BÜYÜK İSKENDER’İN ELE GEÇİREMEDİĞİ BİRKAÇ KENTTEN BİRİ

Tarihi 4 bin yıl öncesine dayanan ve Büyük İskenderun Anadolu’da ele geçiremediği birkaç kentten biri olarak bilinen Sillyon, nekropolü, stadyumu, hamamı, Osmanlı Çeşmesi ve Selçuklu Dönemi’nde 13. yüzyılda inşa edilerek günümüze kadar ayakta kalmayı başarmış bölgenin en eski mescitlerin biri olan Kale Mescidi ile öne çıkıyor. Milattan önce dördüncü yüzyılda kendi adını taşıyan madeni parasını basmaya başlayan Sillyon’un bu paraların üzerinde adı Sylviys olarak geçiyor.

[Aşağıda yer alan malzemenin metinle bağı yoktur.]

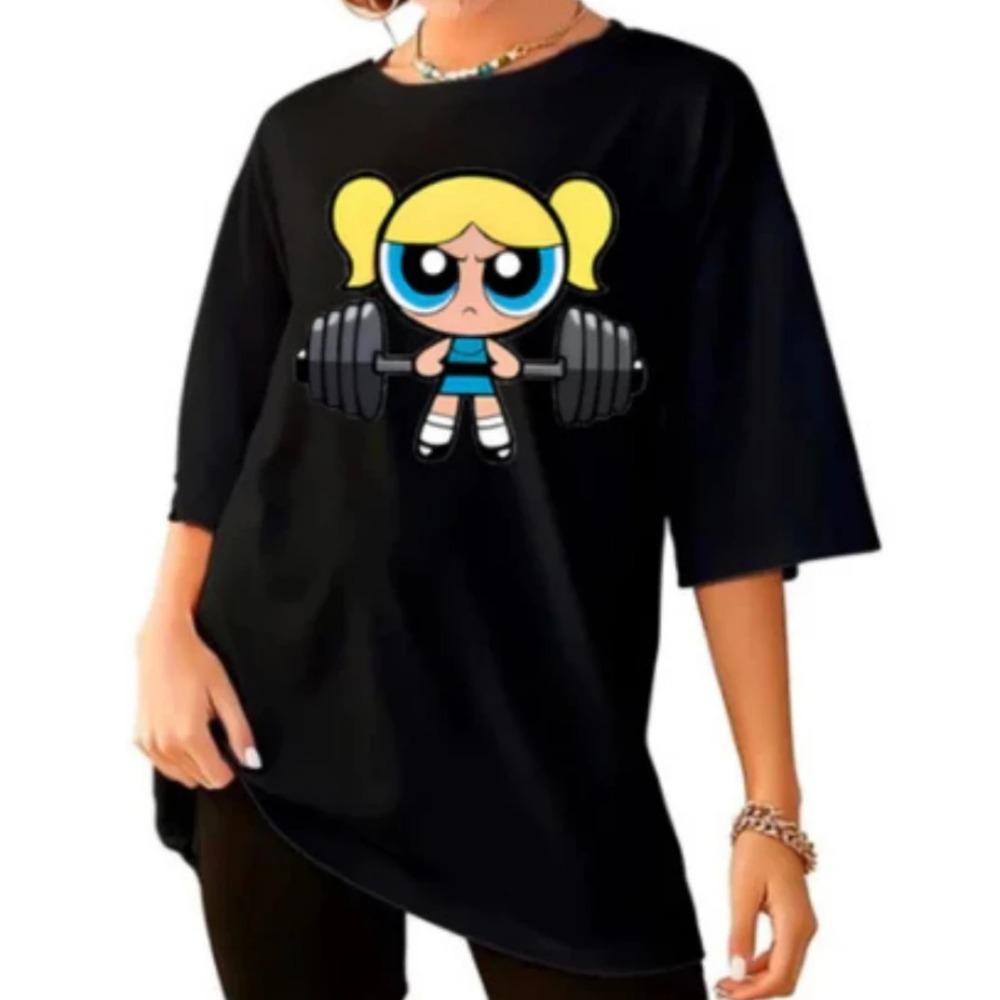 

Girls Super Powerful Blouse Training Streetwear T-shirt Womens Shirt Academy Gym Fitness T-shirt XS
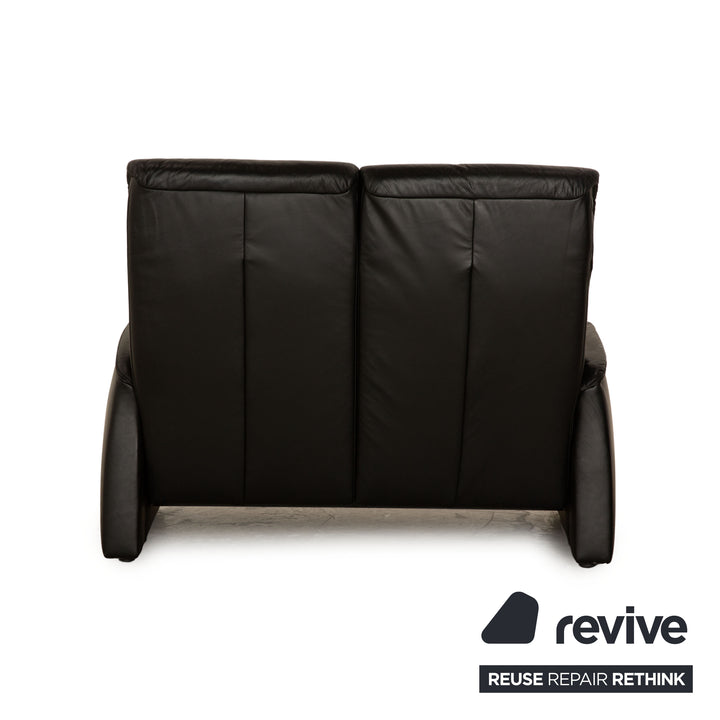 Himolla Cumuly Leather Two Seater Black Sofa Couch Manual Function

Sillyon bir piskoposluk merkezi olmuş ve bu statüsünü uzun süre korumuştur. Sillyon’dan Konstantinos ve Antonius isimli iki patriğin görev yaptığı bilinmektedir. Ayrıca Sillyon’un Hristiyanlık tarihi açısından bölgede önemli bir yere sahip olduğu, kentli piskoposların farklı toplantı ve konsillerde isminin geçmesinden de anlaşılmaktadır. Khalkedon konsülünde Sillyonlu Neon, Constantinopolis konsülünde Sillyonlu Plusianus isimleri geçmektedir.

Kastron, akropolisin batı kesiminde yer almaktadır. Kastronun içinde kuzey duvarına yaslanmış bir praitorion bulunmaktadır. Kastronun sağlam kalan duvarlarında siperlik alanları yer almaktadır. Kastron, kumandanın sarayı veya idari merkez binası olarak işlev görmüştür. Kastronun, kentin Bizans Dönemi’nde akropolise taşınmasından hemen sonra inşa edildiği ve Türk-İslam Dönemi’nde de bir köşk olarak kullanılmaya devam edildiği düşünülmektedir.

Suyu bol olan ve bir garnizon şehri olan Sillyon bir daha ziyaret edeceklerini belirten katılımcılar yeni bir keşfin verdiği mutlulukla geziyi sonlandırdılar.